Wada Shizuka WADA Shizuka

Née en 1965. A travaillé pendant de nombreuses années en tant que rédactrice indépendante dans le domaine de la musique. Depuis 2021, elle a publié les ouvrages Jikyû wa itsumo saitei chingin, korette watashi no sei desu ka ? Kokkai giin ni kiite mita (« Est-ce ma faute si mon salaire horaire est toujours au niveau du salaire minimum ? J’ai posé la question à un parlementaire ») et 50-dai de hitoashi okurete feminizumu o shitta watashi ga hitori de anshin shite kurashite iku tame ni kangaeta mijika na seiji no koto (« Réflexions sur la politique de terrain pour un avenir sûr de la part de quelqu’un qui est venu au féminisme sur le tard »).

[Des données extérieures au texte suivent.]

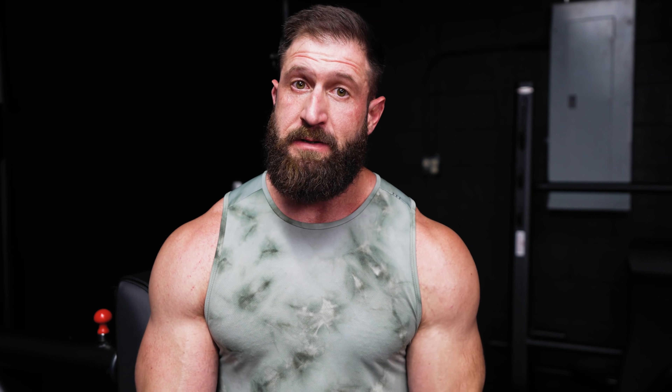Don't believe me? Check out this 2012 study — it shows that what you watch prior to training plays a significant role in your overall testosterone and cortisol levels. So to boil it down to its simplest terms, don't watch something sad before you train. Like when your ex uploads your latest video to OnlyFans — unless you think it's hilarious that only you and two other people watch her. That'll actually increase your testosterone.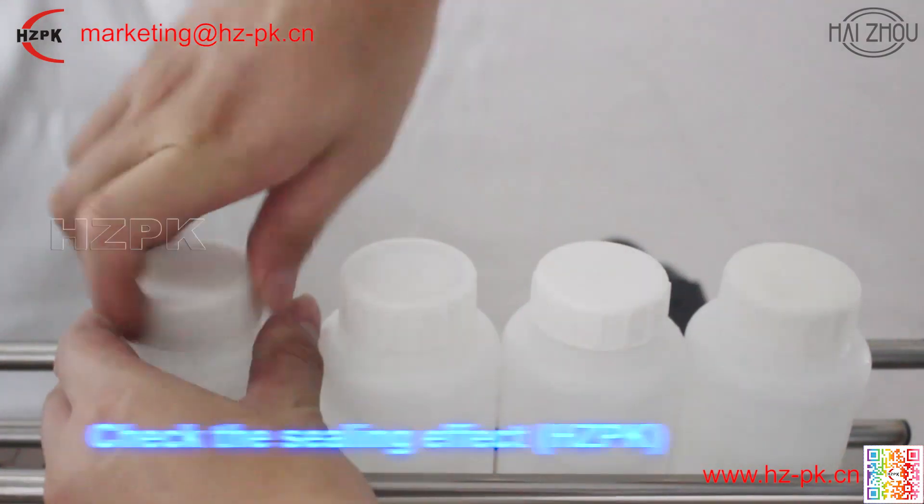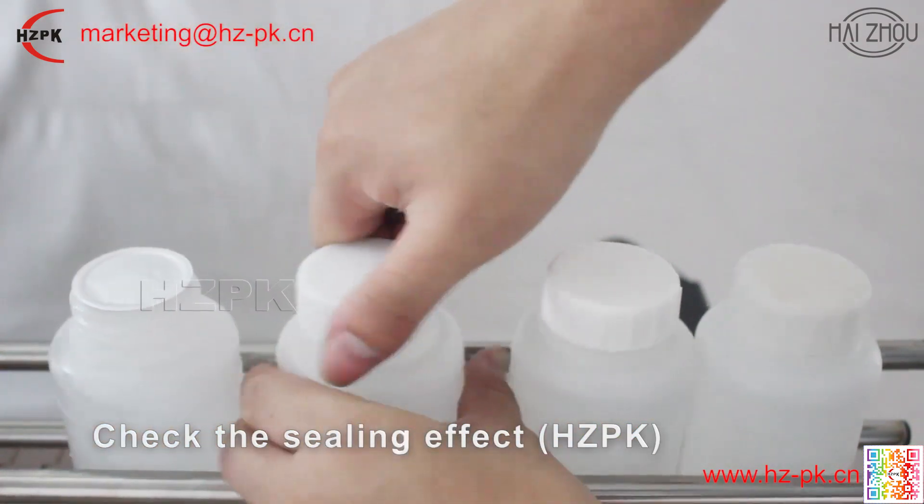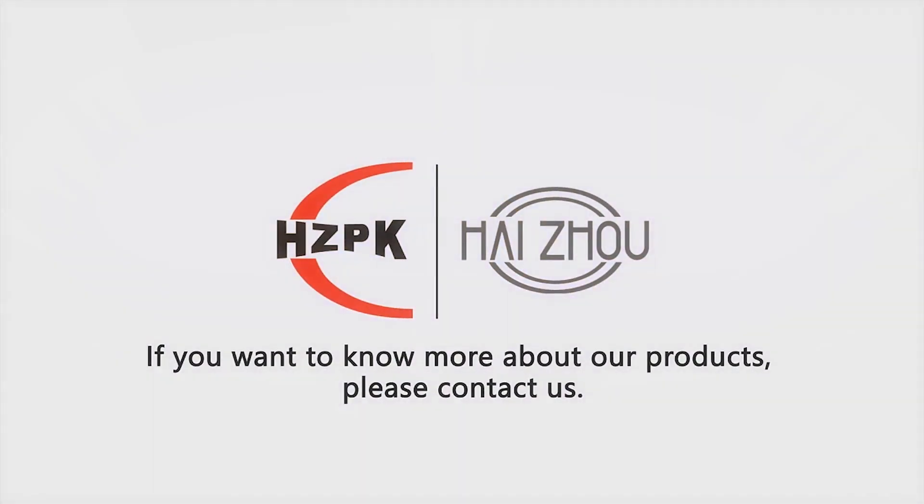The sealing power, speed and angle can be adjusted according to needs. Easy to operate. If you are interested, please contact us for more information.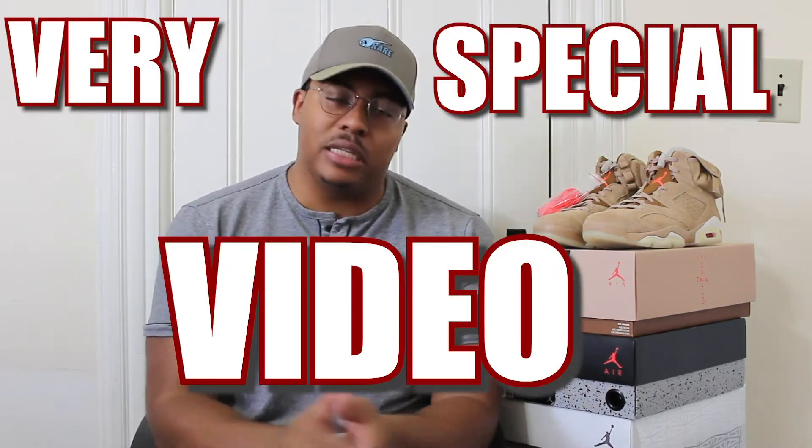What's good y'all? It's your boy Mike. Welcome to the Soul by Soul YouTube channel. We're doing things a little bit differently today. I'm writing solo, but we have a very special video on the line. I can't emphasize that enough.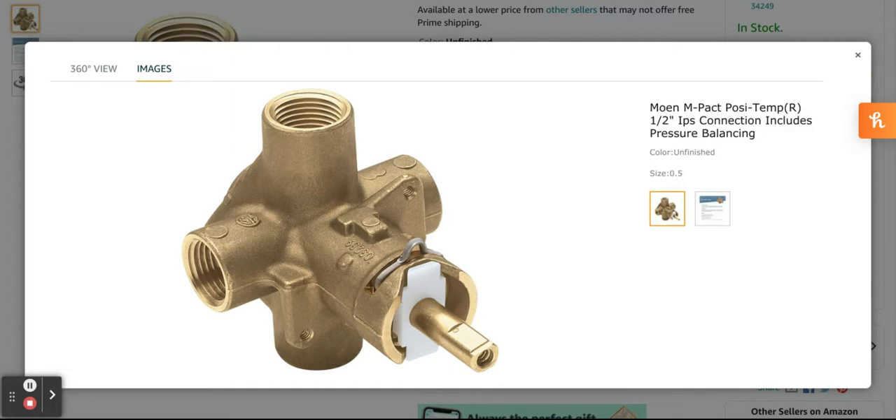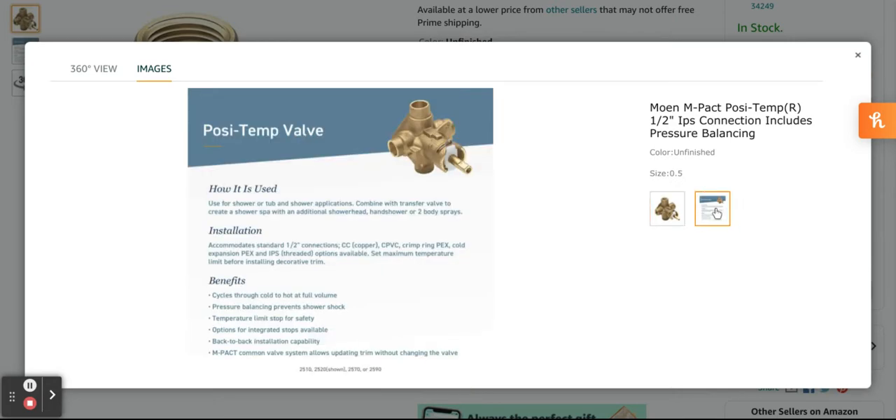Connection size: 1.5 inch IPS connections. Number of ports: 4. Original equipment manufacturer: authentic Moen replacement part.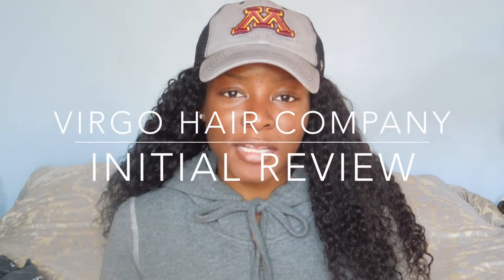Hey y'all! So I'm here today to do a quick unboxing for you guys. I recently ordered some hair from AliExpress.com and I wanted to share that with you guys. I ordered this hair from a company called Virgo Hair Company — I believe that's the name but I will leave the correct one in the description box.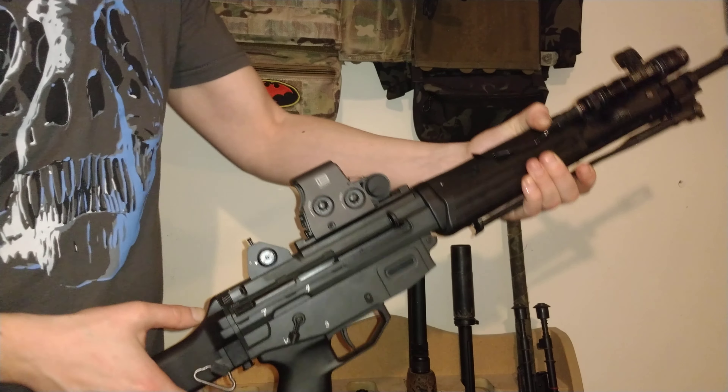We're in semi-automatic mode currently, so I'm just going to give this a few shots. And it locks back — that'll be for that mag. This is just a standard Tokyo Marui MWS magazine, so we're going to pop it in and drop the bolt again. I've checked the breech, I've checked the magazine — there is nothing in this, it's completely clear.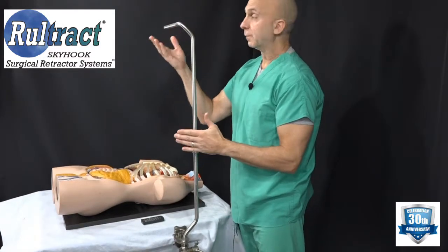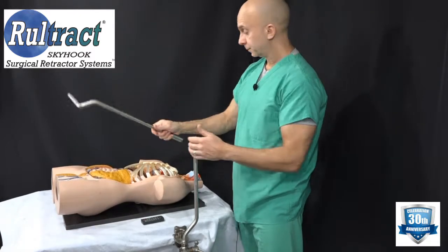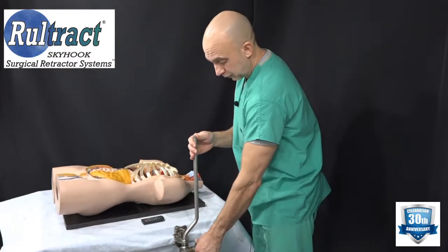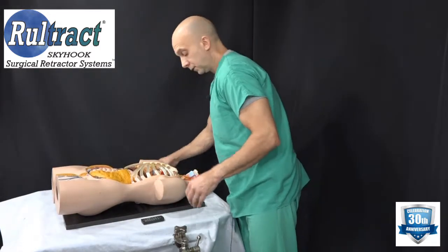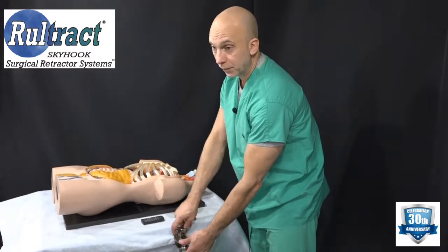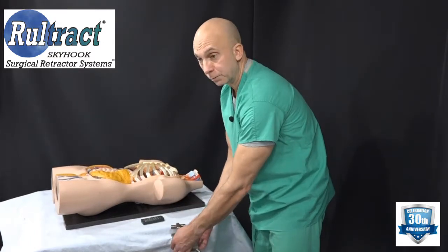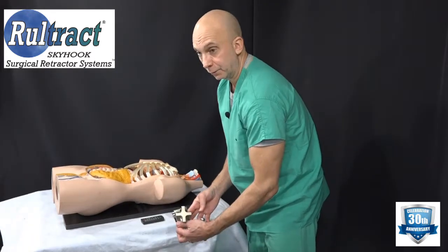Next, remove the top post — hold it by the collar and lift it. Then remove the post from the clamp by turning the wing handle and sliding it up. You can remove the clamp now or wait until after the procedure; turn the knob counterclockwise. Sometimes, because of the force the retractor was under, the clamp jaws may stick together — just shake it and they'll pop free.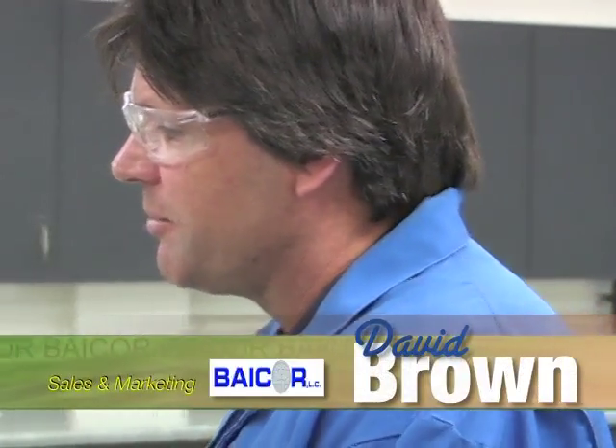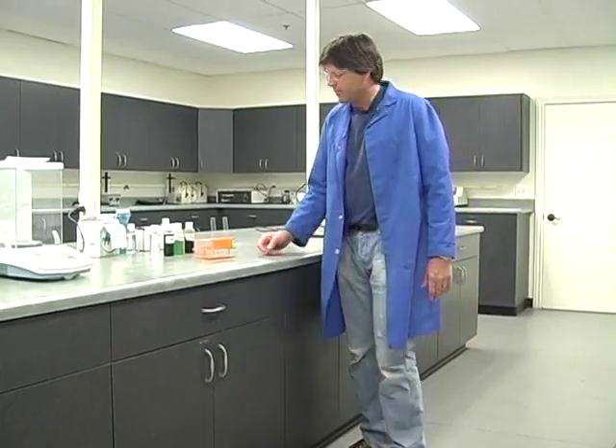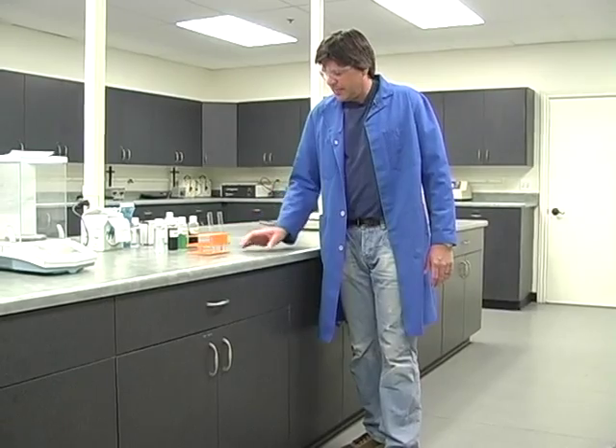We're just here in the lab at Bicor where they mix and test the nutrients. What I'm going to show you now is a compatibility test on what a chelate actually does to help protect the nutrient from falling out, so it's better utilized by the plant — improving uptake and translocation.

Toucher le fond pour mieux rebondir

Wada Shizuka, critique indépendante dans le monde de la musique, avait une cinquantaine d’années lorsqu’elle a commencé à douter sérieusement des systèmes sociaux et politiques au Japon. C’est au plus fort de la pandémie de Covid-19 qu’elle a été confrontée à la pire crise économique de sa vie.

Mais ses problèmes d’argent, elle ne l’a pas oublié, ont commencé bien plus tôt, alors qu’elle n’avait qu’une quarantaine d’années.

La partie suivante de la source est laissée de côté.